THE PROBLEM: Exactly as written and without the pictures, output the entries below.

[Crawled caption data]
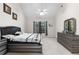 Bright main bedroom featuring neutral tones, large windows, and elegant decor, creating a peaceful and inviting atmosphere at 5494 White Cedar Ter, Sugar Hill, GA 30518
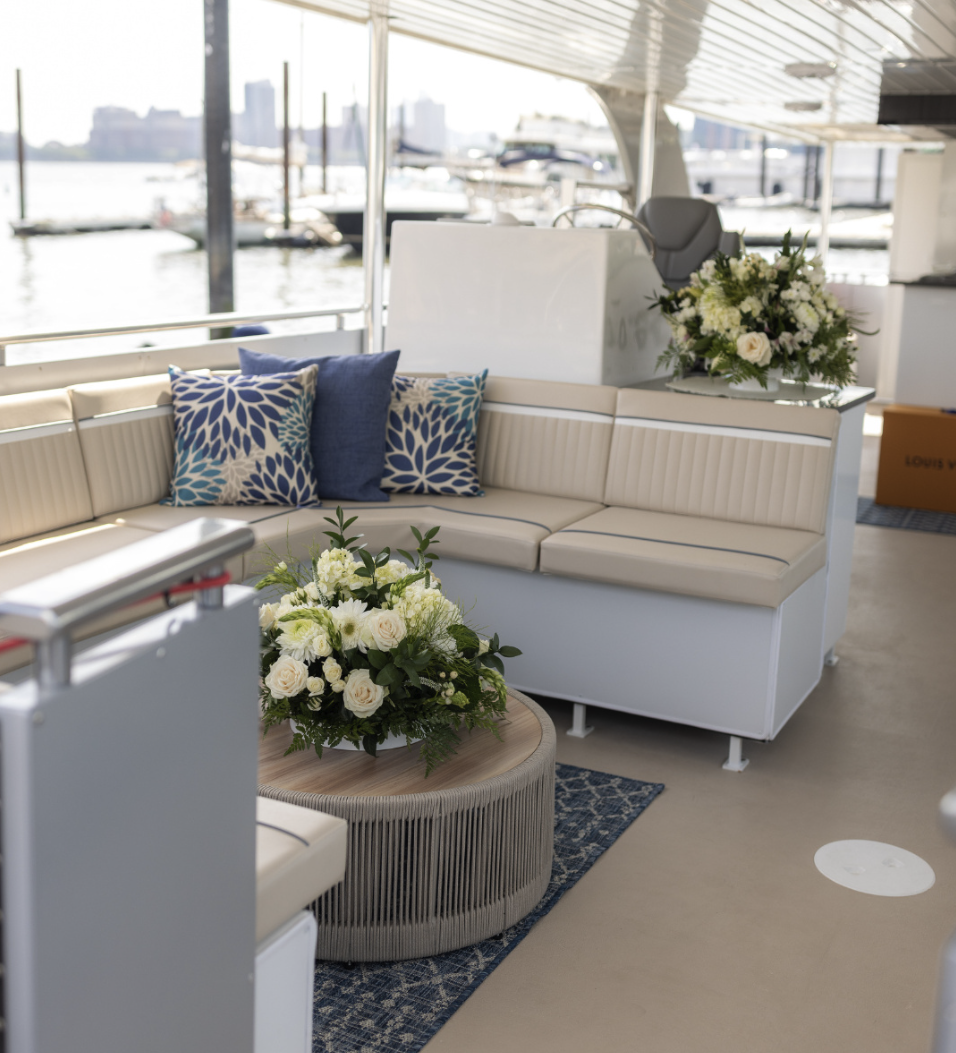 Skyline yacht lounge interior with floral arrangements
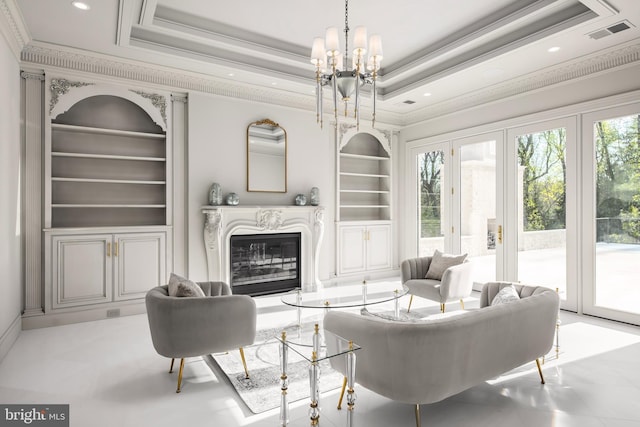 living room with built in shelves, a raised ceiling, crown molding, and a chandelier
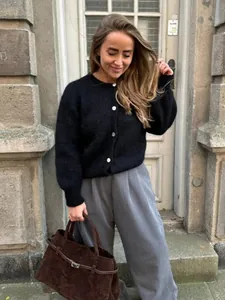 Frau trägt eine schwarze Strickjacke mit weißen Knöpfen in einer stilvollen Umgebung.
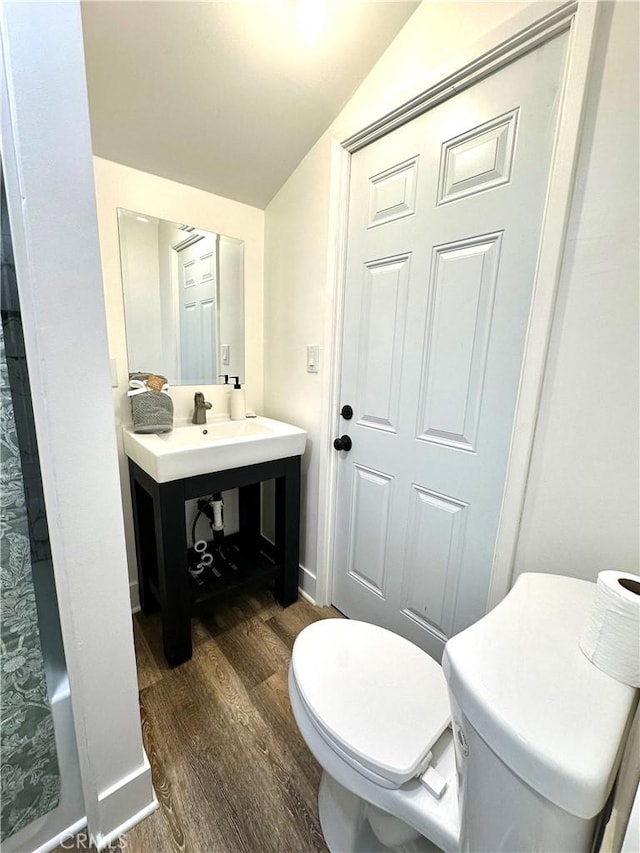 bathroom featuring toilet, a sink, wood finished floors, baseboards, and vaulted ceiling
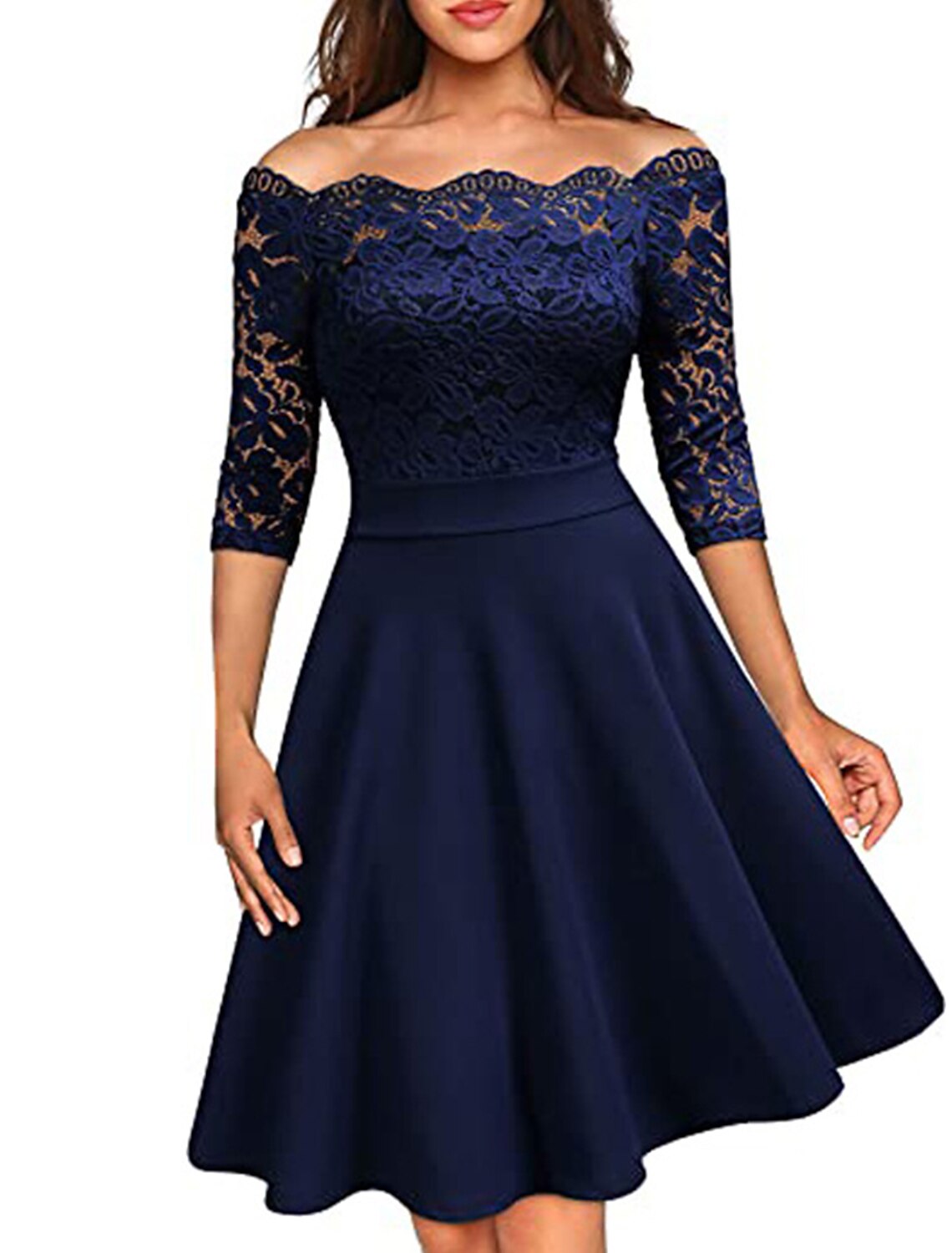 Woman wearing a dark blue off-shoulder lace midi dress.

WRITTEN REPLY:
 Bright main bedroom featuring neutral tones, large windows, and elegant decor, creating a peaceful and inviting atmosphere at 5494 White Cedar Ter, Sugar Hill, GA 30518
 Skyline yacht lounge interior with floral arrangements
 living room with built in shelves, a raised ceiling, crown molding, and a chandelier
 Frau trägt eine schwarze Strickjacke mit weißen Knöpfen in einer stilvollen Umgebung.
 bathroom featuring toilet, a sink, wood finished floors, baseboards, and vaulted ceiling
 Woman wearing a dark blue off-shoulder lace midi dress.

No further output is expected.